Everything we have done in this section can be extended in an analogous way to the rest of the models, as we will see below.

HG1G2_fit

Now we want to adjust the H, G\(_1\), G\(_2\) model to our data. Use the function HG1G2_fit in the following way.

[13]:
HG1G2 = pyedra.HG1G2_fit(df)
HG1G2
[13]:
id H12 error_H12 G1 error_G1 G2 error_G2 R
0 85 7.398776 0.162316 0.303790 0.081963 0.236331 0.062360 0.996285
1 208 8.904819 0.326344 -0.393842 0.320769 0.709746 0.190495 0.976405
2 236 7.901036 0.558052 0.043248 0.361217 0.413350 0.237267 0.934118
3 306 8.224509 1.238547 -0.041959 0.529741 0.367042 0.443392 0.968671
4 313 8.883195 0.347260 0.661550 0.161242 0.127482 0.154199 0.984322
5 338 8.450968 0.391477 0.691141 0.194887 -0.070232 0.173648 0.991939
6 522 9.046202 0.213791 0.705920 0.107933 0.088499 0.087300 0.992124
PyedraFitDataFrame - 7 rows x 8 columns

R is the coefficient of determination of the fit.

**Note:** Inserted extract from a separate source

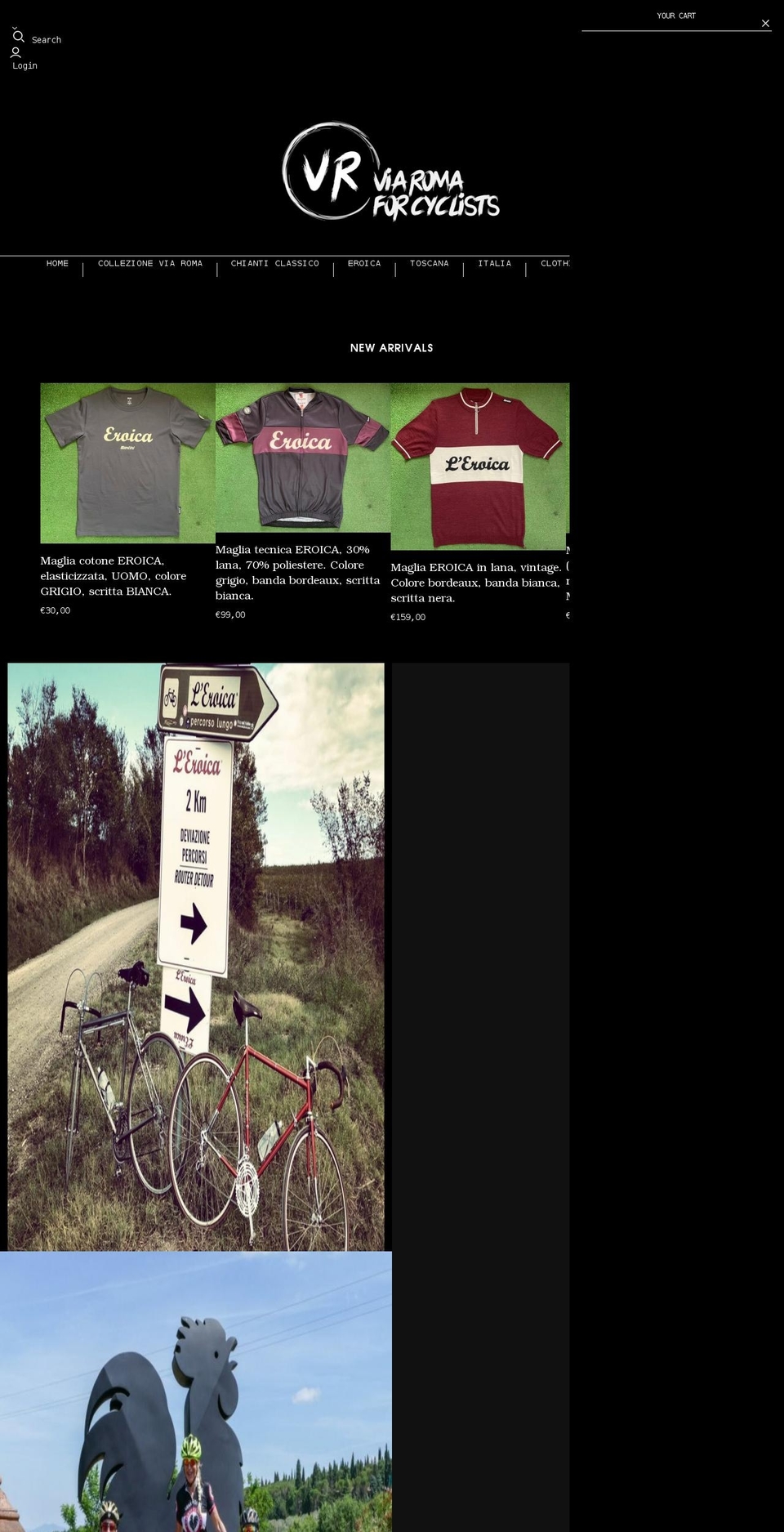 viaromaforcyclists.it shopify website screenshot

We can calculate, for example, the median of each of the columns:

[14]:
HG1G2.median()
[14]:
id           306.000000
H12            8.450968
error_H12      0.347260
G1             0.303790
error_G1       0.194887
G2             0.236331
error_G2       0.173648
R              0.984322
dtype: float64

Again, we can filter our catalog. We are keeping the best settings, that is, those whose R is greater than 0.98.

[15]:
best_fits = HG1G2.model_df[HG1G2.model_df['R'] > 0.98]
best_fits
[15]:
id H12 error_H12 G1 error_G1 G2 error_G2 R
0 85 7.398776 0.162316 0.303790 0.081963 0.236331 0.062360 0.996285
4 313 8.883195 0.347260 0.661550 0.161242 0.127482 0.154199 0.984322
5 338 8.450968 0.391477 0.691141 0.194887 -0.070232 0.173648 0.991939
6 522 9.046202 0.213791 0.705920 0.107933 0.088499 0.087300 0.992124

We will now look at the graphics.

[16]:
HG1G2.plot(df=df)
[16]:
<AxesSubplot:title={'center':'HG1G2 - Phase curves'}, xlabel='Phase angle', ylabel='V'>
_images/tutorial_35_1.png

If we want to visualize the graph only of the asteroid (522):

[17]:
asteroid_522 = df[df['id'] == 522]
HG1G2_522 = pyedra.HG_fit(asteroid_522)
HG1G2_522.plot(df=asteroid_522)
[17]:
<AxesSubplot:title={'center':'HG - Phase curves'}, xlabel='Phase angle', ylabel='V'>
_images/tutorial_37_1.png

To see the correlation between the parameters G\(_1\) and G\(_2\) we can use the “scatter” graph of pandas:

[18]:
HG1G2.plot(x='G1', y='G2', kind='scatter')
[18]:
<AxesSubplot:xlabel='G1', ylabel='G2'>
_images/tutorial_39_1.png
Shev_fit

If we want to adjust the Shevchenko model to our data, we must use Shev_fit.

[19]:
Shev = pyedra.Shev_fit(df)
Shev
[19]:
id V_lin error_V_lin b error_b c error_c R
0 85 7.957775 0.022576 0.696826 0.051010 0.034637 0.001184 0.999542
1 208 9.738767 0.146121 0.945126 0.300105 0.014448 0.008524 0.960483
2 236 8.626281 0.166623 0.916350 0.402758 0.023646 0.008515 0.932592
3 306 9.600553 0.275835 3.231009 1.549868 0.009097 0.010083 0.975662
4 313 9.132444 0.071010 0.297612 0.140332 0.037097 0.004712 0.988686
5 338 9.003280 0.216194 0.900765 0.623240 0.045328 0.011141 0.985846
6 522 9.292723 0.084461 0.392058 0.267625 0.039625 0.005236 0.989935
PyedraFitDataFrame - 7 rows x 8 columns

R is the coefficient of determination of the fit.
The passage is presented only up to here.